SUPPLIED RECORDS:
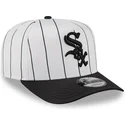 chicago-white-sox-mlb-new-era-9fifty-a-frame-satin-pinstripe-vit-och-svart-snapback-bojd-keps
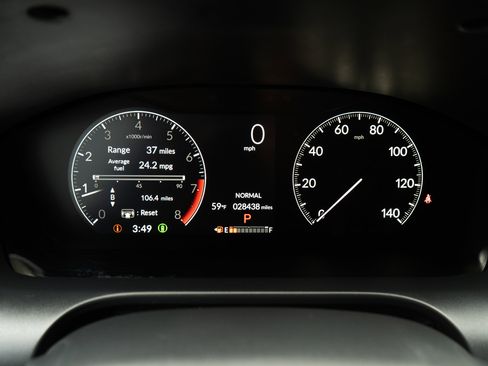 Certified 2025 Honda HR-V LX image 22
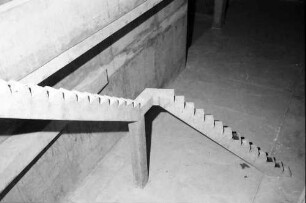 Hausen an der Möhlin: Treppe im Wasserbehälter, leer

--

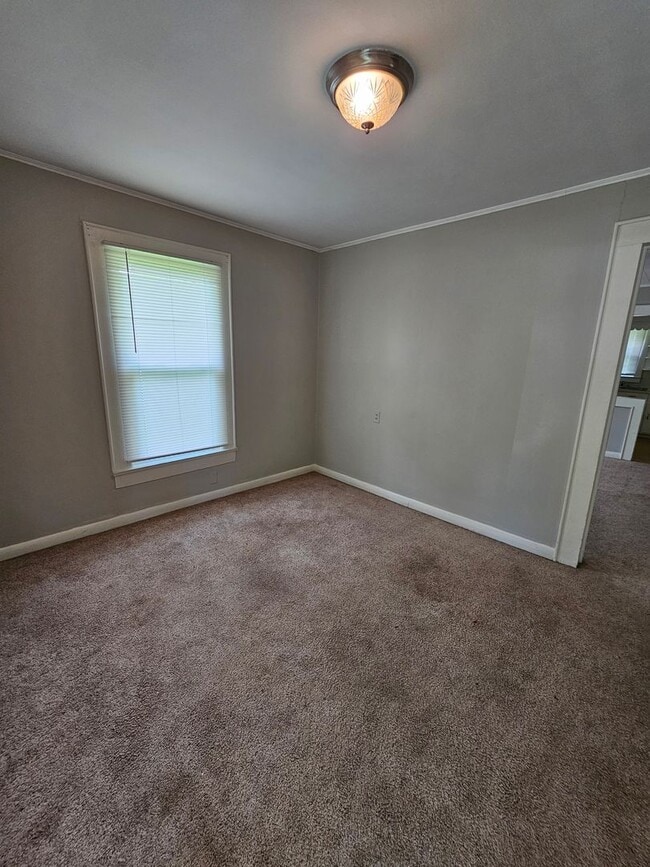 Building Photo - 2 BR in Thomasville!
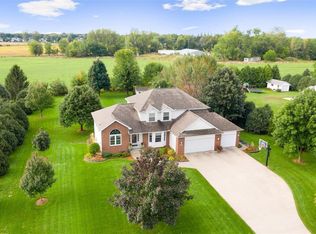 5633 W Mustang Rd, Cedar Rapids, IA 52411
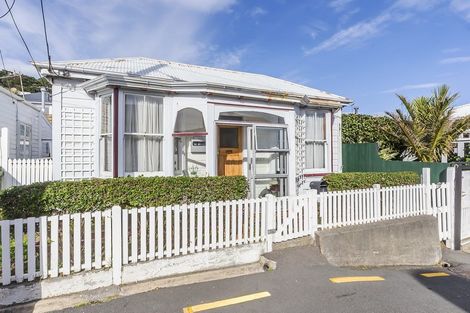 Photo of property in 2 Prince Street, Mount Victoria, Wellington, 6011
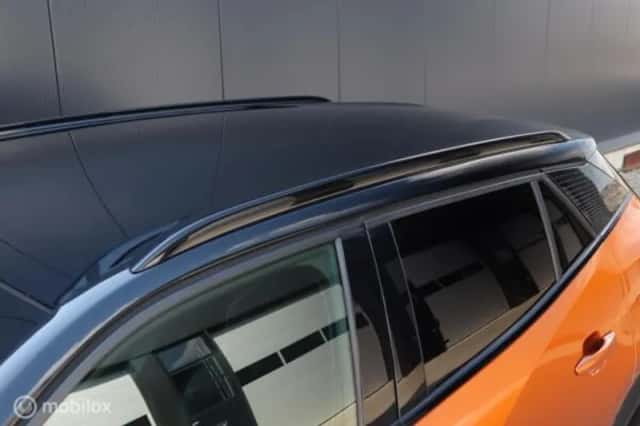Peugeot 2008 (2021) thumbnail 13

...

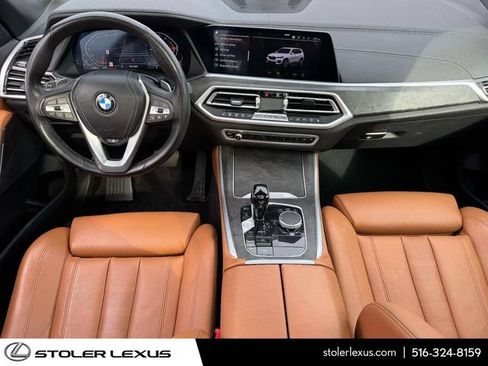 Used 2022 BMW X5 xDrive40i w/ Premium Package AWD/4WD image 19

WHAT IS EXPECTED:
Among the entries above, take the lines from the one with "Photo of property" through the one with "Peugeot 2008 (2021) thumbnail 13" and retype them exactly, leaving out the pictures.

RESPONSE TO THE TASK:
 Photo of property in 2 Prince Street, Mount Victoria, Wellington, 6011
Peugeot 2008 (2021) thumbnail 13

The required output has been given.